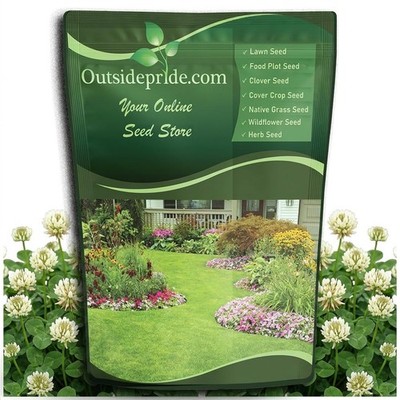 Create Erosion Free Lawn & Pasture - Outsidepride White Dutch Clover Seed 5 lbs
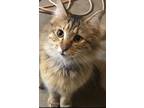 Adopt MJ a Tortoiseshell Domestic Longhair / Mixed (long coat) cat in Bedford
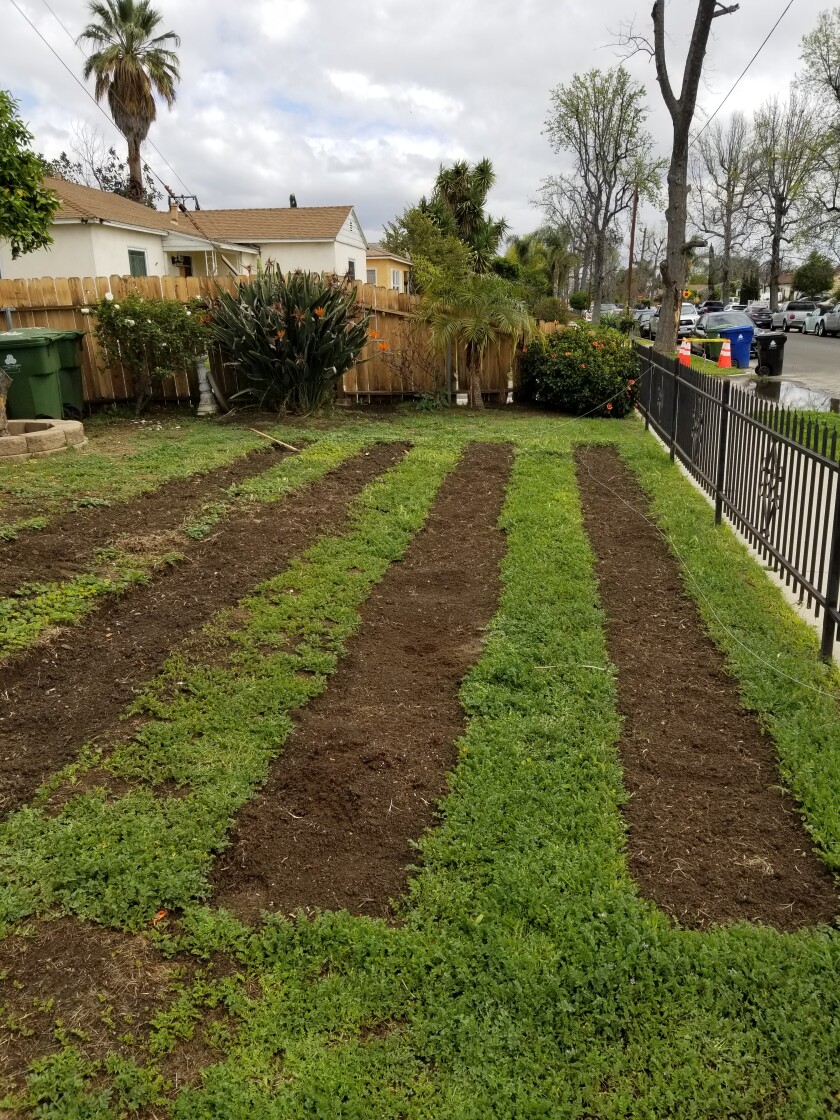 The lawn, in the midst of being removed: rows of dirt were carved out by hand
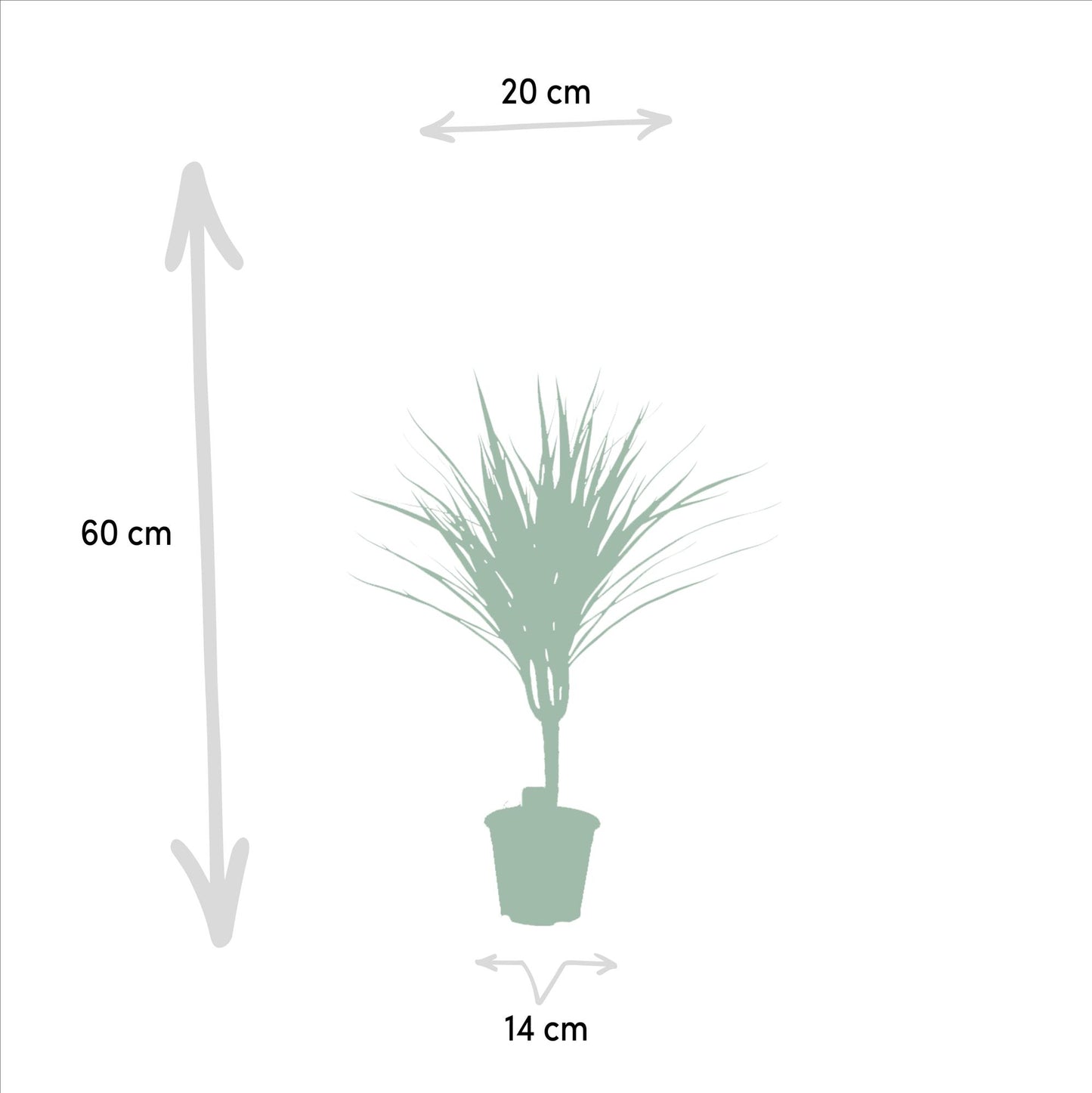 Dracaena Marginata - Ø14cm - ↕60cm - Pflanzfix24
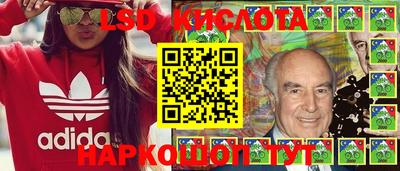 стаф Моздок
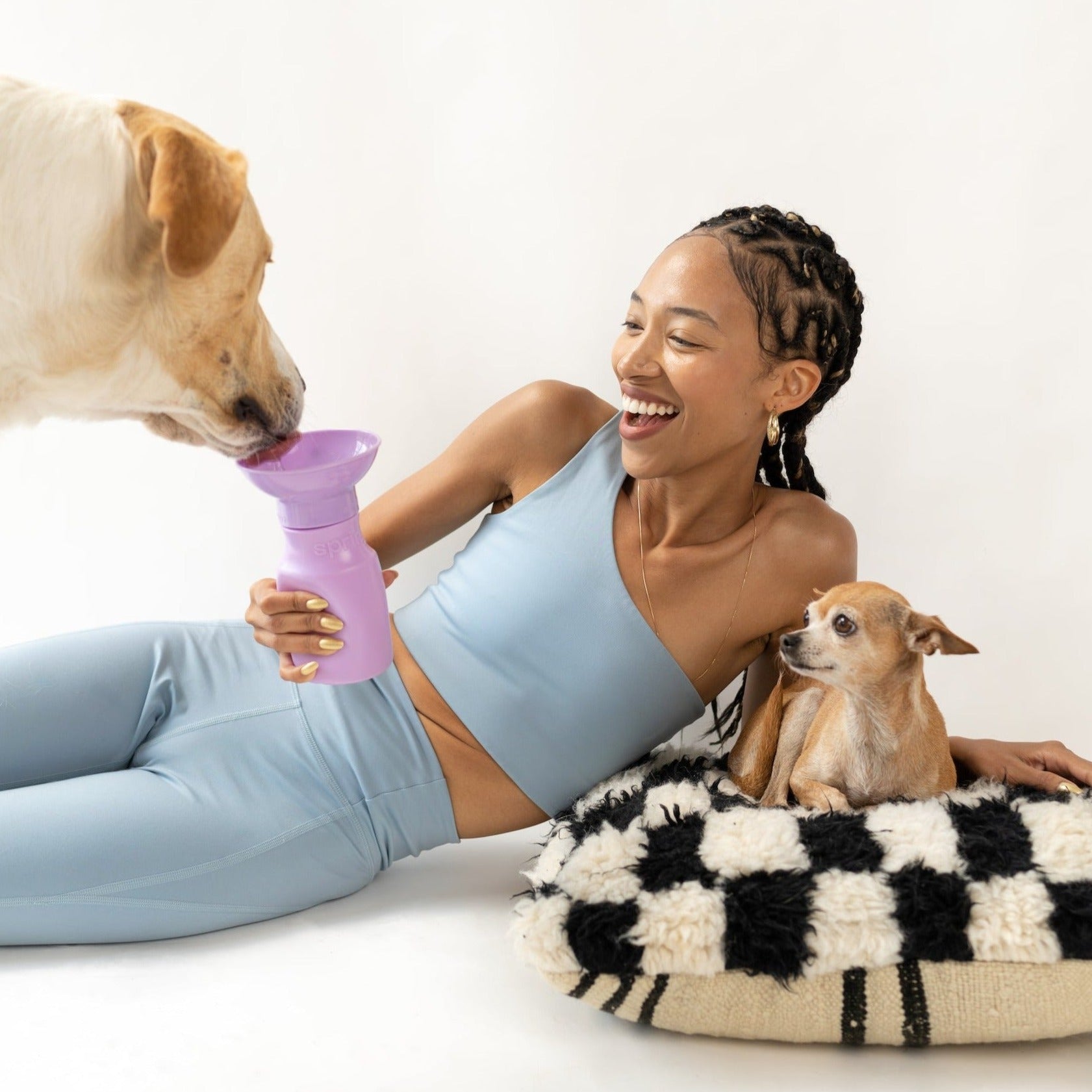 15oz Original Dog Travel Water Bottle Springland Pets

- **Directions**: Output the data verbatim, images excluded.

- **Answer to this exercise**:
 Create Erosion Free Lawn & Pasture - Outsidepride White Dutch Clover Seed 5 lbs
 Adopt MJ a Tortoiseshell Domestic Longhair / Mixed (long coat) cat in Bedford
 The lawn, in the midst of being removed: rows of dirt were carved out by hand
 Dracaena Marginata - Ø14cm - ↕60cm - Pflanzfix24
 стаф Моздок
 15oz Original Dog Travel Water Bottle Springland Pets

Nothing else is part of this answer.